Excerpts from a dataset

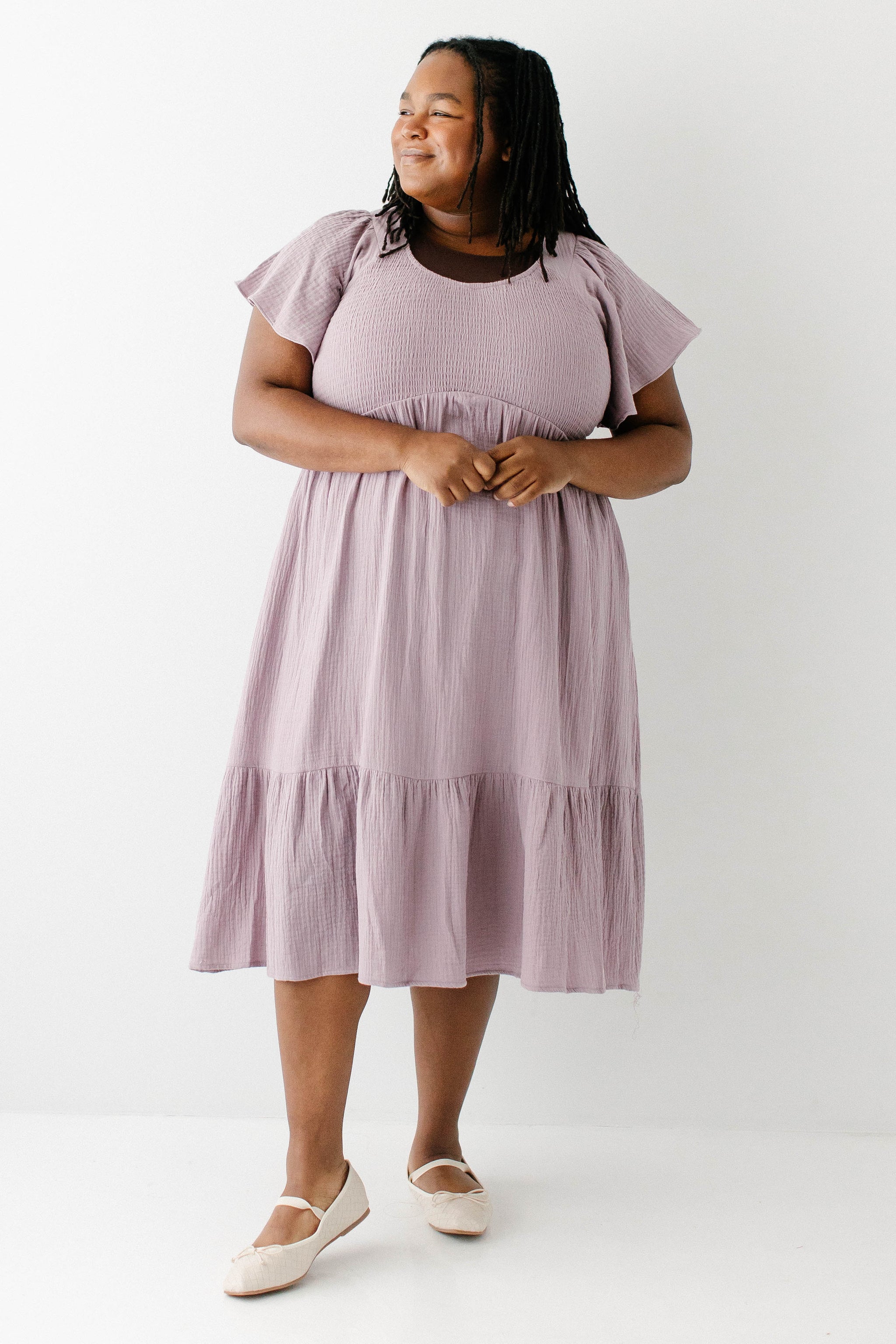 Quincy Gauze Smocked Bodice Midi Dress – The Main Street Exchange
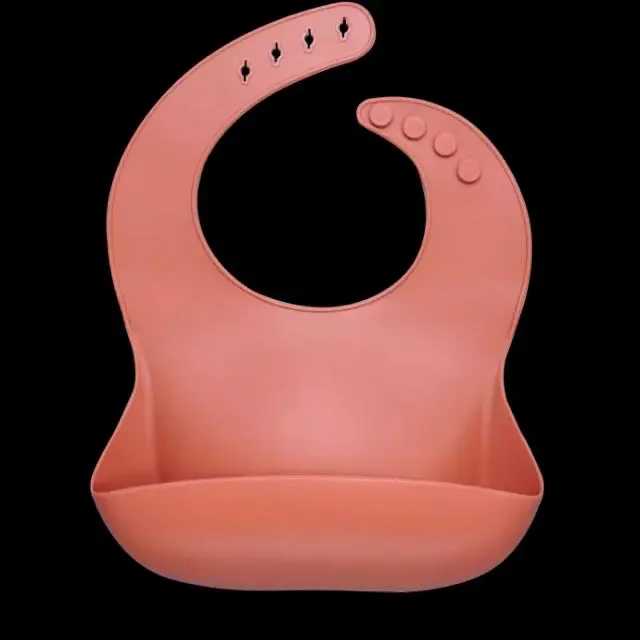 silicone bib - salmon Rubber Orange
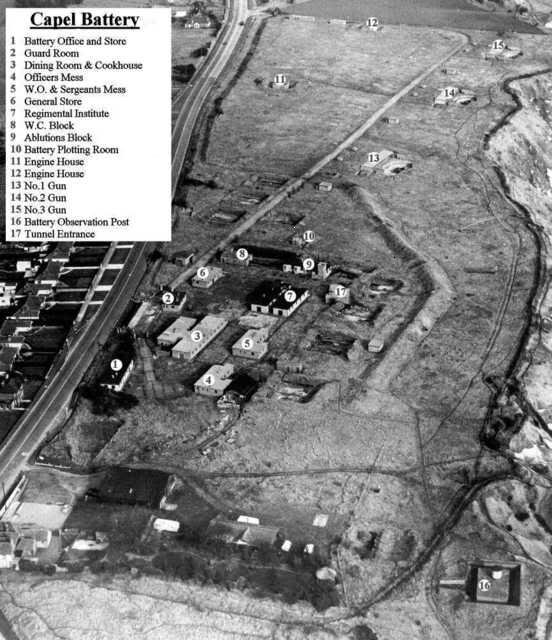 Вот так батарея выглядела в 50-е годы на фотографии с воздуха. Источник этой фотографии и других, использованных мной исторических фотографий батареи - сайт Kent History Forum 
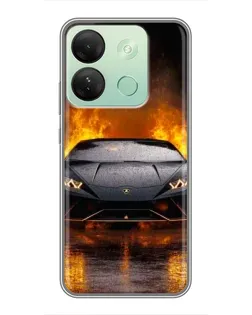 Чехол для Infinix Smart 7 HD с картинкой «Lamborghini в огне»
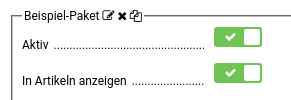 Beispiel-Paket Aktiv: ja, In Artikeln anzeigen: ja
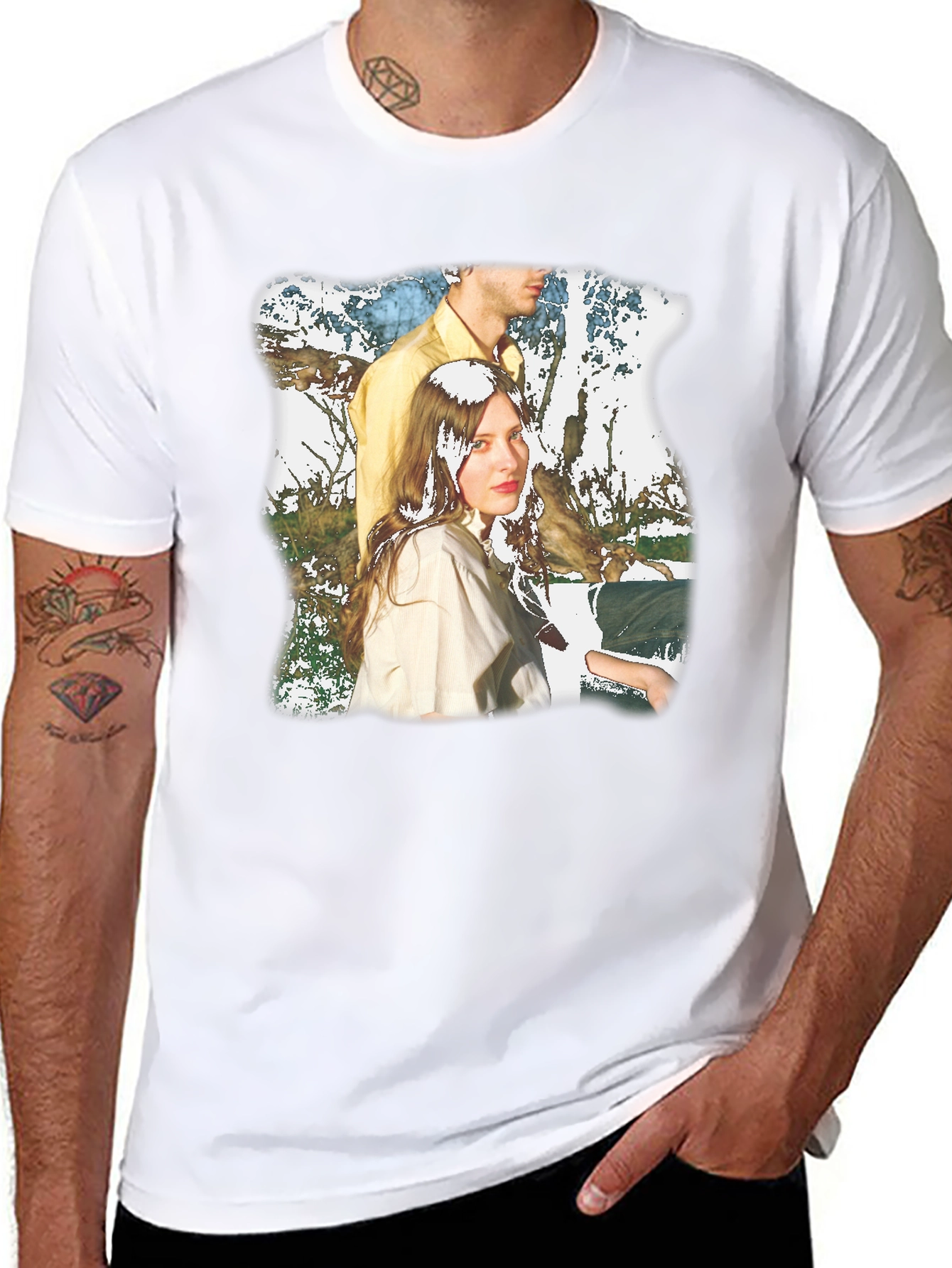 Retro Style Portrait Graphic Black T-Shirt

● What to produce:
Starting at the line that contains "Beispiel-Paket Aktiv: ja, In", write out every line through the end of the entries, both ends included, without any pictures.

● Response below:
 Beispiel-Paket Aktiv: ja, In Artikeln anzeigen: ja
 Retro Style Portrait Graphic Black T-Shirt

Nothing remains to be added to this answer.